When I heard the first explosion it shook the ground, but I thought it was somehow part of the event, like balloons being launched or something. A few seconds later I heard the second blast from behind me and I knew something was wrong. At that point I could see the smoke from the first explosion. A mother behind me picked up her daughter and started running away and people all around started pushing down the barricades. My stomach immediately started twisting into knots as all the joy and excitement I was feeling turned into a sick mix of fear and panic. My first thought was that I was going to get trampled in all of the confusion.

I was alone because my friends had gone to find something to eat and I didn't know what to do. I called them and told them to come back to where we parted ways and I stood there waiting. Then, someone noticed a black backpack on the ground and started yelling and the people that were still in the area started running away. I called my friends, told them to meet me in the family meeting area and left.

Over the next few hours, I tried to reconnect with both the friends I was watching with and my roommate who was running the marathon. I knew he wasn't injured in the explosions because he was too far back, but I didn't know how I would ever find him. My phone was quickly dying and his was dead. Through the kindness of strangers who lent him their phones (which I'm sure were dying as well), and a friend who came into town to drive us around looking for him we were finally able to be reunited. When I saw him, he started running towards me as best as he could and broke down crying when we finally hugged.

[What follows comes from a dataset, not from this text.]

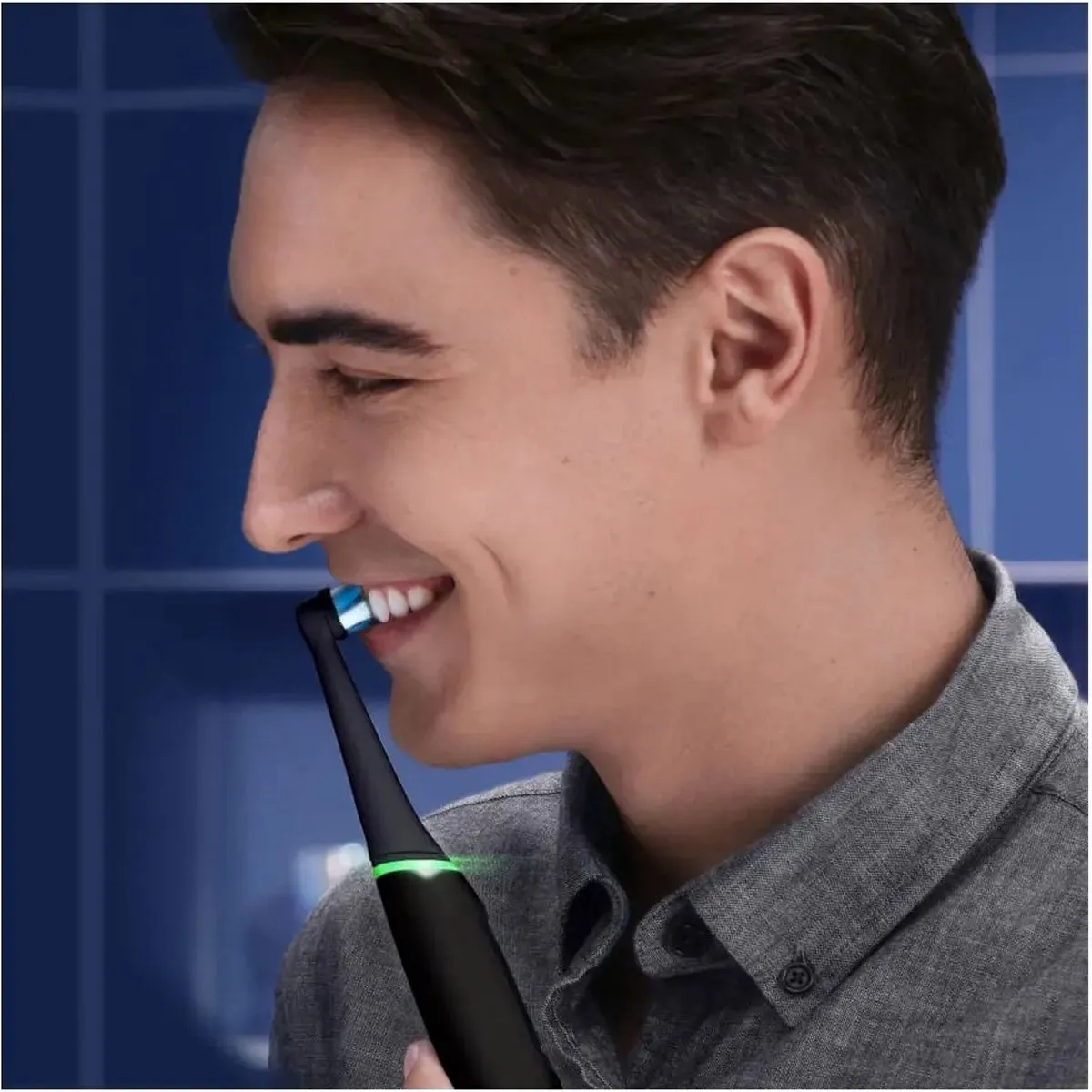 Oral-B iO Series 6N Elektrische Tandenborstel - Black Lava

For the rest of the night I felt kind of numb. I was so happy to be reunited with my friends and know that everyone was safe, but I felt that I couldn't really process what had happened. I still can't. I sit on the T and picture what it would feel like if a bomb went off. I see planes in the sky and think "those seem like they're too low. Maybe something is going to happen." Or I hear sirens pass my apartment and think simply "Something else happened."

After it all though, I felt compelled to go out and enjoy this city. To show everyone that Boston isn't afraid. That the love that came from all sides, both from strangers and friends and family, after the blast outweighs the hate in the hearts of the perpetrators. That in the end, you can't pervert the Boston Marathon because there's too much good there. I feel incredibly thankful that I wasn't a block to either side and that my friends and family are safe and my heart goes out to those that were not as lucky as me.